== Exercise details ==
Show each line of the listing in which the word "ceiling" occurs.
[Given data Boundary: Start]
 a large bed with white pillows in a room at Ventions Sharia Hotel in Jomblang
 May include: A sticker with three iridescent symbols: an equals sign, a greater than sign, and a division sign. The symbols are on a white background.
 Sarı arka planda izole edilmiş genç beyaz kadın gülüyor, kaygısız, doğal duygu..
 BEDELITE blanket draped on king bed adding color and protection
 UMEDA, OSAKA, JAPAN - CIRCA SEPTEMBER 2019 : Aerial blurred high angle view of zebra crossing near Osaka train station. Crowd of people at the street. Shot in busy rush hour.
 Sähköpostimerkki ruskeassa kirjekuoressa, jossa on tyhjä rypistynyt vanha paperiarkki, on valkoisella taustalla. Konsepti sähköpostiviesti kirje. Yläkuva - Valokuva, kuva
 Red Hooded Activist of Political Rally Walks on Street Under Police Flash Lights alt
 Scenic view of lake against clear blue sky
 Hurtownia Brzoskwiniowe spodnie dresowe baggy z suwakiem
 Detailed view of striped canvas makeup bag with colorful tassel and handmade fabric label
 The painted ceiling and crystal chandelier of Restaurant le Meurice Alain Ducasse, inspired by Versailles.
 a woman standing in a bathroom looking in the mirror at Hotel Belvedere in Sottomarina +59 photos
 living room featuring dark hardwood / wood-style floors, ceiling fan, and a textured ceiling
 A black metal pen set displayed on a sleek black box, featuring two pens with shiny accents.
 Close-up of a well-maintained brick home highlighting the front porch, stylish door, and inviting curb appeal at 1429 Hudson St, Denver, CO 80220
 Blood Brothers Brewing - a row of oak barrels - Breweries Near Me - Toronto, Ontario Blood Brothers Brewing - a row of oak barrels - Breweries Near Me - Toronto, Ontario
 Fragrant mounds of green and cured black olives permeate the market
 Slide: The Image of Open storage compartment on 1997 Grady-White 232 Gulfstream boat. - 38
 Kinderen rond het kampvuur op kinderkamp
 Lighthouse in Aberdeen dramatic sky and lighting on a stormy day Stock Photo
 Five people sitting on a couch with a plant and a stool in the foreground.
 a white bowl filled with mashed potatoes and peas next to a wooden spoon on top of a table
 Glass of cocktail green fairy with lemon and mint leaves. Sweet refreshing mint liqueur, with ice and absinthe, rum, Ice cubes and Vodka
[Given data Boundary: End]
== Response below ==
 The painted ceiling and crystal chandelier of Restaurant le Meurice Alain Ducasse, inspired by Versailles.
 living room featuring dark hardwood / wood-style floors, ceiling fan, and a textured ceiling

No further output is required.